The listing below should be printed exactly, every line of it. Skip the pictures.

··· Available data

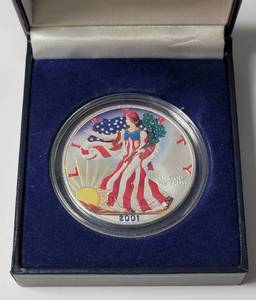 lot 29 image: 2001 1 Oz. Silver Liberty Colorized Dollar - American Eagle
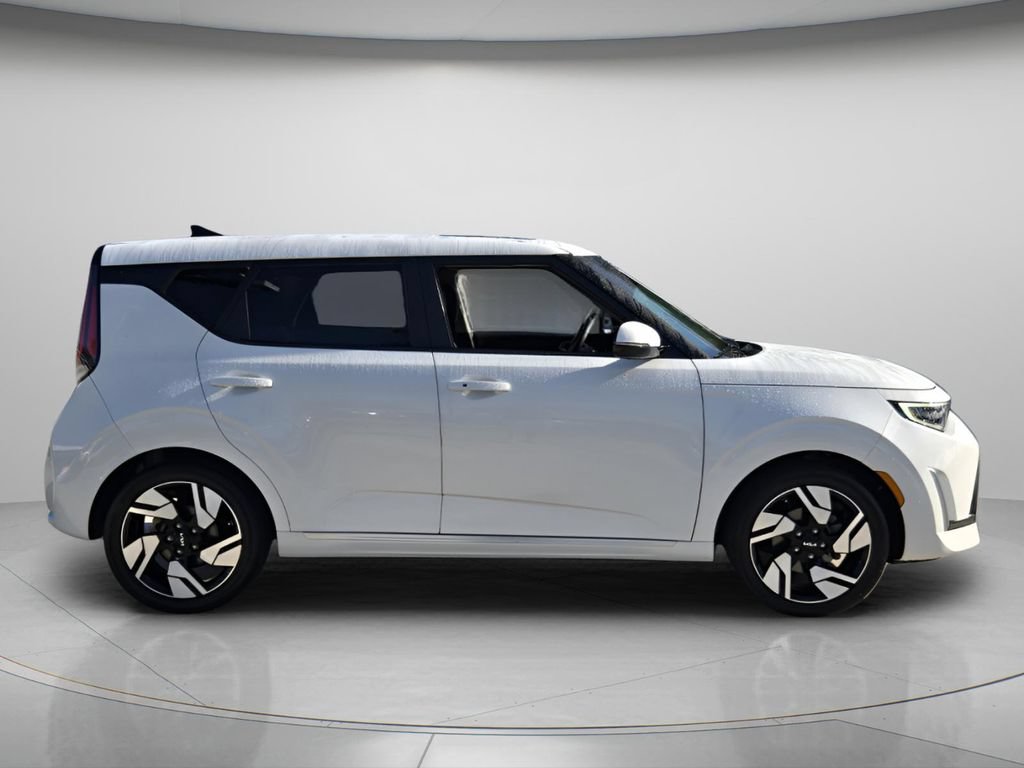 Used 2023 Kia Soul GT-Line w/ GT-Line Technology Package FWD image 3
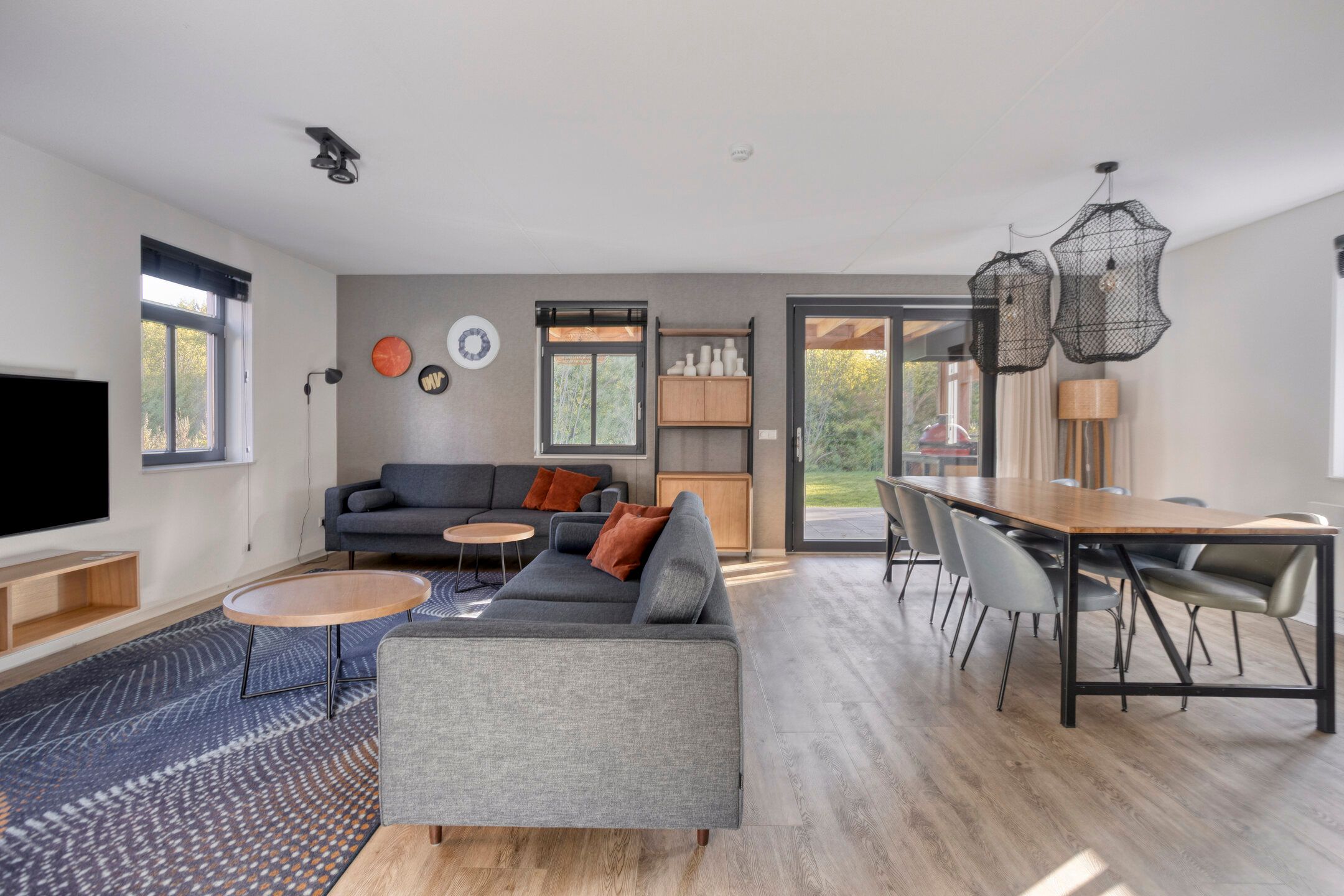 4-bedroom freehold villa in Thorn — photo 3 of 5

······

__Answer section__:
 lot 29 image: 2001 1 Oz. Silver Liberty Colorized Dollar - American Eagle
 Used 2023 Kia Soul GT-Line w/ GT-Line Technology Package FWD image 3
 4-bedroom freehold villa in Thorn — photo 3 of 5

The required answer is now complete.